The attackers initially probe vulnerable IIS servers through HTTP requests targeting the Telerik file upload handler. Upon exploiting the vulnerability, they upload and execute reverse shells, establishing communication with the attackers’ infrastructure. Tools like JuicyPotatoNG were used for privilege escalation, with executable files being dropped in public directories. Mystery batch files were also found, though their exact function remains unknown.
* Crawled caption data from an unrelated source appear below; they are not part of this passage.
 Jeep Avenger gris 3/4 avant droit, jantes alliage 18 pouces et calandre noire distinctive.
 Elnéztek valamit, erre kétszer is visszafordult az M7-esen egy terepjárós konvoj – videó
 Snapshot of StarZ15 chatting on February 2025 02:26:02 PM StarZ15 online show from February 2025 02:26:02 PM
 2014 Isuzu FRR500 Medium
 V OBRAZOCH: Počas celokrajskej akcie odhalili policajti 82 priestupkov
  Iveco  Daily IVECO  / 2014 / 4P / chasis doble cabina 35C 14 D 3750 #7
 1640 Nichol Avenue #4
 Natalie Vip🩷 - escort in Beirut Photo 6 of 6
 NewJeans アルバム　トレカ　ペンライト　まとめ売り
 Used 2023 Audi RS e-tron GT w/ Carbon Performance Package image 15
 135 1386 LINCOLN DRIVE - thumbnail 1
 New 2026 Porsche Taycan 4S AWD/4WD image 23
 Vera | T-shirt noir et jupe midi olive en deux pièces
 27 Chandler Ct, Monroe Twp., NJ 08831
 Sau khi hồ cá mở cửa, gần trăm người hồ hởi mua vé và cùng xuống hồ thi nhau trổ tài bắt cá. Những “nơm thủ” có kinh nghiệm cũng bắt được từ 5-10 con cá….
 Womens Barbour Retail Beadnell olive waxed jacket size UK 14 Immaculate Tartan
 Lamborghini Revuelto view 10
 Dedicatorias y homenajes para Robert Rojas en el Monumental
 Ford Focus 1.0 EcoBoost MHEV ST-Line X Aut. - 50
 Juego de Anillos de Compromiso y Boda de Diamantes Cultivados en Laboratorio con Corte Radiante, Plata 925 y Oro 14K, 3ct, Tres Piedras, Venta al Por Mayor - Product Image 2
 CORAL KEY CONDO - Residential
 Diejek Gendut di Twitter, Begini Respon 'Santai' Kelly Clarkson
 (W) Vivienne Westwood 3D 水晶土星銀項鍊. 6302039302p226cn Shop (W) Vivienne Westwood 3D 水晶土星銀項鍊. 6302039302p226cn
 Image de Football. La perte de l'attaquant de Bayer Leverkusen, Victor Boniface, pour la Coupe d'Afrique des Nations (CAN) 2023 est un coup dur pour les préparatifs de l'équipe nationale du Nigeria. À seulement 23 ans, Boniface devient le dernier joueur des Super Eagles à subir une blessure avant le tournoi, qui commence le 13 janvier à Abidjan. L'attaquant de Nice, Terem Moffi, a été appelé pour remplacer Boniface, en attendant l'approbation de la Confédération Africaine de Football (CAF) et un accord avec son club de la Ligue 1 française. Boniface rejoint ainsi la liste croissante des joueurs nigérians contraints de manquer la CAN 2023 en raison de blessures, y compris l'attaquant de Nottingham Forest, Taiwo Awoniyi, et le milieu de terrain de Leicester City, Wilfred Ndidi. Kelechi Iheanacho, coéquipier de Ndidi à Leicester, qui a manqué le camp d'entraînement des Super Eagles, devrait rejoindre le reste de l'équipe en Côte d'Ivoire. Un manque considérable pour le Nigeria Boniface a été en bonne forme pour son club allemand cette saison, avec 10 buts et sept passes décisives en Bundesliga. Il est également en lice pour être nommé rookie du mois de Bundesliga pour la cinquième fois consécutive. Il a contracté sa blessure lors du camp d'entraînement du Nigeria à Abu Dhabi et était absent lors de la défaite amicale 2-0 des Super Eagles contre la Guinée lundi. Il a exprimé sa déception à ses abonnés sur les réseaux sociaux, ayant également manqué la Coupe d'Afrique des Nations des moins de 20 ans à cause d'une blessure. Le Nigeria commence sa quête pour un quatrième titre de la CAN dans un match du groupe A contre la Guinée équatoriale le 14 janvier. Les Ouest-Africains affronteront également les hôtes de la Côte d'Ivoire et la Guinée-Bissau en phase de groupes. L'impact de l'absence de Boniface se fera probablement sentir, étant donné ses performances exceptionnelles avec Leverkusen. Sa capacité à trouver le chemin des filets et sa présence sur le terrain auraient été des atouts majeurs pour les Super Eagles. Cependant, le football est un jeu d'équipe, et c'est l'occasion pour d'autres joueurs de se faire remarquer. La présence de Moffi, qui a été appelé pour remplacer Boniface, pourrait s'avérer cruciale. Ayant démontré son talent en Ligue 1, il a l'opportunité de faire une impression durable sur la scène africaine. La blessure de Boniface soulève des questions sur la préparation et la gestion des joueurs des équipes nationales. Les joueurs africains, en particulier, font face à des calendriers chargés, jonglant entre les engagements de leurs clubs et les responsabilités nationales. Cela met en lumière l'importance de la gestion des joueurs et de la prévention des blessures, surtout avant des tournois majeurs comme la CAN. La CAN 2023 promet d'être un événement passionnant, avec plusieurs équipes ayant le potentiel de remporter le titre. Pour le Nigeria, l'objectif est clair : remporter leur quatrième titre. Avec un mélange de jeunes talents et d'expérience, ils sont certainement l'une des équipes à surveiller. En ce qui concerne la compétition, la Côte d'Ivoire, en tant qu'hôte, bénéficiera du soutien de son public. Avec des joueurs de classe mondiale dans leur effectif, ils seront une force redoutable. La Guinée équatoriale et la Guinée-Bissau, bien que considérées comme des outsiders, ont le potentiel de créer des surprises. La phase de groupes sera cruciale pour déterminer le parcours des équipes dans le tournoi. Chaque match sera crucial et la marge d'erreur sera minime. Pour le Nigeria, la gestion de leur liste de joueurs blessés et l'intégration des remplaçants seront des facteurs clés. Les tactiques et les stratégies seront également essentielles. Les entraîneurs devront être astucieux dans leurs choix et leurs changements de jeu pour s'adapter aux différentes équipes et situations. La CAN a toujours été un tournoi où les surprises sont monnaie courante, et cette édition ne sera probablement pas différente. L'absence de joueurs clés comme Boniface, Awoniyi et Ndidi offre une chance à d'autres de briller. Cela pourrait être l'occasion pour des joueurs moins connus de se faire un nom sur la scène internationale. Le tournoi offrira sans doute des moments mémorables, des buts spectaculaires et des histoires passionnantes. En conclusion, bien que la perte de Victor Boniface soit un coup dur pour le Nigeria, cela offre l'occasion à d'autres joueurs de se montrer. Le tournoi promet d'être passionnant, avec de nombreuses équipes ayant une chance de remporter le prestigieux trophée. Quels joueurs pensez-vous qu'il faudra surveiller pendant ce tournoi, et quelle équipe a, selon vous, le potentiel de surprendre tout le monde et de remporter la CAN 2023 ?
eSentire’s response team took action to isolate compromised systems, advising organizations to patch vulnerable systems and enhance security through endpoint detection and response (EDR) solutions. This ongoing exploitation underscores the critical importance of timely patching and robust vulnerability management practices.
What Undercode Say:
The exploitation of CVE-2019-18935 serves as a stark reminder that even well-known vulnerabilities can remain a threat if they are not addressed. This particular flaw, which was disclosed in 2019, continues to pose a significant risk because many organizations have not implemented the necessary patches. The fact that attackers are actively exploiting this vulnerability in 2025 highlights a common issue in cybersecurity—failure to prioritize and deploy critical updates.
One of the most alarming aspects of this attack is the method in which the vulnerability is being exploited. Attackers are using reverse shells to maintain persistence on compromised systems and to escalate privileges using open-source tools like JuicyPotatoNG. These tools are not new, yet they are still effective in bypassing security mechanisms. This suggests a gap in basic security hygiene among organizations that leave such exploits unaddressed.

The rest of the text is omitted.